Definition
Prominent ground features used by pilots for visual navigation and position awareness, such as towns, roads, railroads, rivers, lakes, coastlines, mountains, and large structures. Landmarks are identified on aeronautical charts and matched to what the pilot sees outside the aircraft to confirm location and track.
Plain English
Things on the ground that are easy to spot and easy to find on a chart, used to keep track of where you are while flying.
Context Anchor
Used during preflight planning and visual flying when choosing checkpoints along a route and confirming the airplane’s position from what can be seen outside.
Derivation
From 'land' plus 'mark' — literally a mark on the land. Originally a boundary marker; in aviation it means any ground feature distinctive enough to serve as a recognisable reference point from the air.
Why Pilots Care
Landmarks enable reliable pilotage and situational awareness when instruments or GPS are unavailable or unreliable.
Analogy
Like using a tall building or a bend in the river as a signpost when driving through unfamiliar countryside.
Intuition Check
A landmark does not have to be famous or labeled on a sign.

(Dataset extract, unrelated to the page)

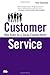 Customer Service: New Rules for a Social Media World (Que Biz-Tech) - Book by Peter Shankman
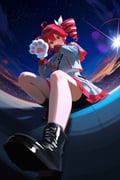 Post 12174444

In aviation, it only needs to be recognizable from the air and useful for knowing your position.
Example Sentence 1
During preflight planning, the pilot picked out several landmarks along the route — a lake, a highway interchange, and a railroad bridge — to confirm position every few miles.
Example Sentence 2
The pilot confirmed the airplane's position by matching the large silo below with the landmark marked on the chart.